The impact of Brexit on the British broadcasting industry was described by panellists speaking during an IBC breakfast session as “unpredictable” and “damaging” to the UK creative industries and economy as a whole.

The imminent loss of creative talent, and the rising cost of manufacturing, exporting and licensing regulations were top of the agenda.

Commercial Broadcasters Association (COBA) Executive Director Adam Minns said: “Day one impact will vary from company to company. The UK broadcasting creative industries will still remain a huge broadcasting sector but the international side will be damaged.”

“Policy makers are trying to fragment [the creative industries] and the industry needs to be global and to build scale, in order to compete.”

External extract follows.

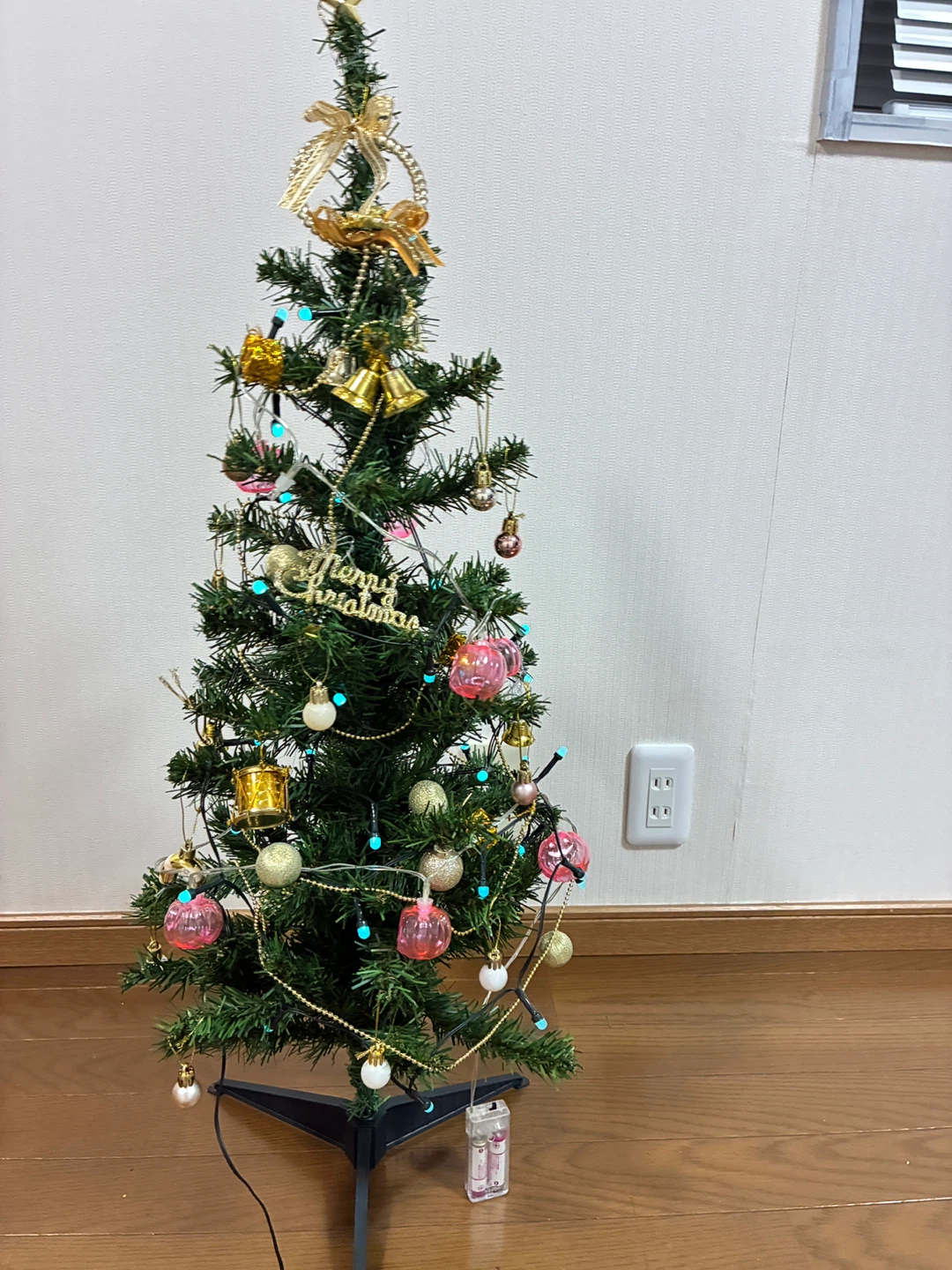 太陽光ライト付き　クリスマスツリー 90cmの写真6枚目
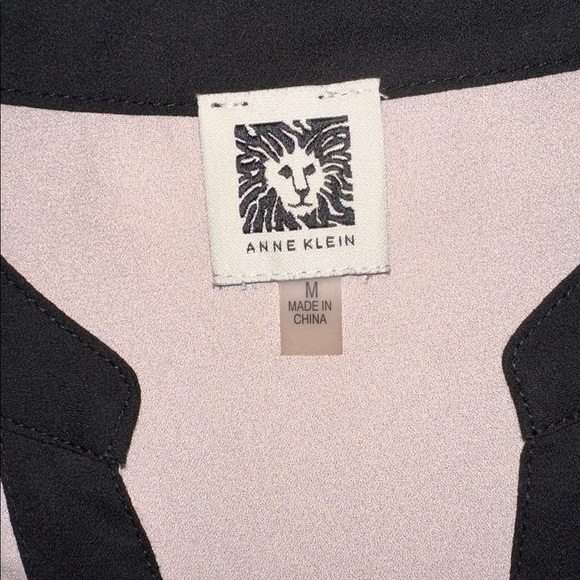 Elegant ANNE KLEIN Women's Blouse with Black Trim Size Medium. - Picture 12 of 16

Minns noted the UK will continue to remain a major hub for broadcast and TV production. However, he added: “There will be growth but it won’t be what it could have been because international markets are far outstripping domestic in terms of growth and that will hurt the UK.”

Pact Deputy Chief Executive and Director of Business Affairs Max Rumney said a rising concern for an “incredibly buoyant sector” is whether it will be able to retain European talent working in British production.

’The next three months will determine the next five years’ John Kampfner, Creative Industries Federation

He said: “Without those people we wont be able to service the business, we need these people and that flies in the face of Brexit.”

Creative Industries Federation Ambassador John Kampfner explained the damage could have been better limited with a clearer approach by the government. He said it was concerning that serious negotiations have only started in recent months.

He said: “The next three months will determine the next five years and the worst case scenario is chaos for broadcasters and the entire economy.”

Rumney explained that the UK was enjoying strong growth in the creative industries, citing increased investment from overseas in UK-based studios.

“We are attractive at the moment but policy makers are fickle and someone will be crunching numbers and if Sterling gets stronger the tax benefits will drop and the productions bases and talent will leave.”

“It’s going to take time” Minns continued. “I don’t think companies will move to European member states, it might be an evolution for five to 10 years’ time.”

The UK is the playout capital of the world with more than 600 channels licensed to transmit to 27 countries across Europe.

Yesterday, the British government released its guidance for the broadcast industry if there is no Brexit deal struck. Under a no-deal Brexit, the Ofcom licence for broadcasters playing out into Europe would no longer be valid without them having a “significant presence” on the continent.